As recently as the 1970s, prisons around the country existed as “a world apart,” “one of the last
bastions of the public [sector] to be exempt from standard civil service requirements [and] modern
bureaucratic structure” (Feeley & Swearingen 2004, p. 443). “There were no written rules [or]
regulations,” and administrators “operated by intuition” ( Jacobs 1980, p. 458). In the northern
penitentiaries, wardens had virtually absolute control over life inside (Feeley & Rubin 1999). In
the South, plantation prisons had long operated as “outmoded feudal-like institutions” and sites
of “cruelty [and] torture” (Feeley & Swearingen 2004, pp. 437–38). Prisoners were largely at the
mercy of staff who were free from outside scrutiny and sought to keep it that way (Mason 2008).
Eventually, spurred in part by the emergent willingness of some federal courts in the late 1960s
and early 1970s to scrutinize prison conditions and issue orders mandating comprehensive reforms, this premodern agency structure finally began to give way (Feeley & Swearingen 2004,
pp. 457–65). The American Correctional Association (ACA) became a national leader in the process of professionalization and bureaucratization, developing and widely promoting an “accrediting process based upon rigorous standards covering almost all aspects of prison management”
( Jacobs 1980, p. 463).4 Today, corrections agencies operate in “the mainstream of public administration” (Feeley & Swearingen 2004, p. 455), and prison officials tout their internal regulatory
structure as evidence of well-run departments (Reynolds 2004).

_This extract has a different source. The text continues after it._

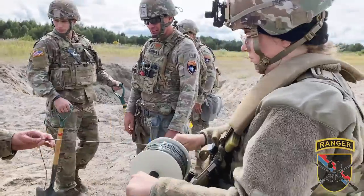We lower them in, spool out our shock tube, and then you set it off and send it home. Blow it up!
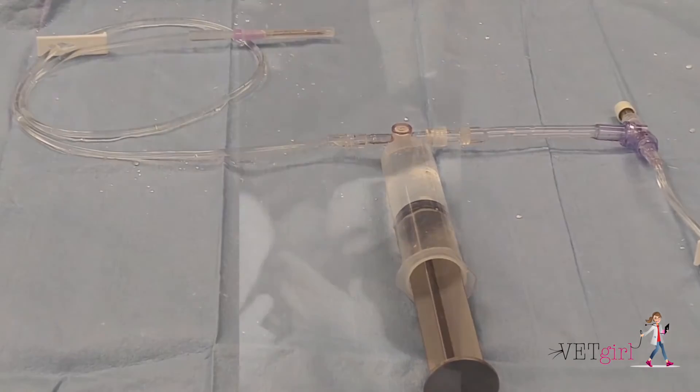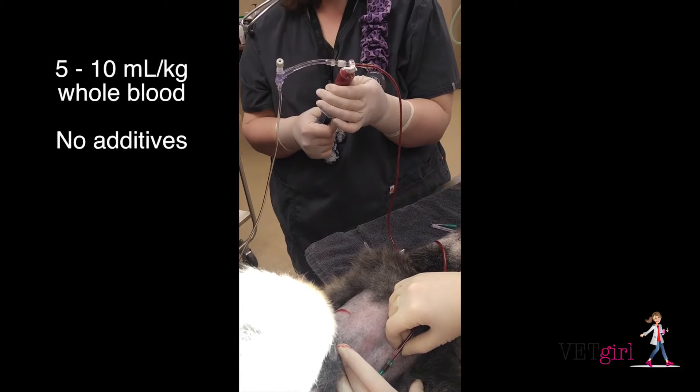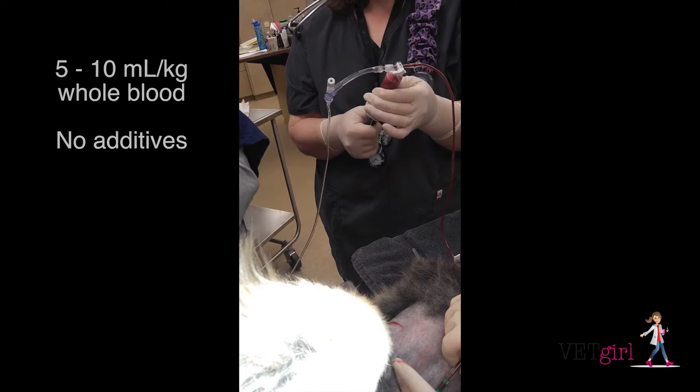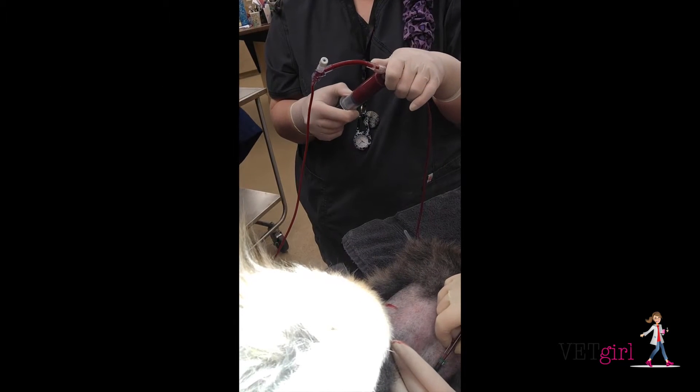Based on Oppenheimer et al.'s protocol, 5 to 10 mils per kg of blood can be collected in 20 to 50 mil increments and given directly via a previously placed thoracostomy tube or via thoracocentesis.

These shifts generated significant improvement in prison conditions, moving prisons decisively
from feudalism into modernity. But as the past few decades have conclusively shown, carefully
crafted policies and regulations are not sufficient to ensure safe and well-run facilities. For one
thing, prison policy manuals are the size of phone books. COs, being human, cannot possibly learn,
much less preserve for instant recall, everything they contain. In practice, especially when they
need to act fast, COs will be hard-pressed to remember official directives (Feeley & Swearingen
2004). And even if staff could fully implement established policy, they would in many cases remain
reliant on their own judgment. Prisons are complex, messy, charged institutions housing people
who—also being human—are subject to the full range of human reactions one might expect to
see in those who are locked up, and thus are liable to act in unpredictable ways. Staff therefore
require considerable on-the-job discretion.5
With such discretion comes outsized power, and this is especially so in prisons, where COs
control virtually every aspect of prisoners’ lives and where so much that happens will never come
to light. If this power is not to be abused, at least one of two conditions must be met: Either COs
must feel bound by an ethos of public service to exercise their authority consistent with the commitments and values of a constitutional democracy, or they must expect that any grievous failure
of care will expose them to censure—whether externally (from courts, legislatures, or in the court
of public opinion) or via intra-agency accountability measures. In practice, neither condition has
had sufficient purchase to generate the desired effect. As to possible external censure, prisons are
largely free from effective regulatory pressure from outside actors, whether legislators or courts.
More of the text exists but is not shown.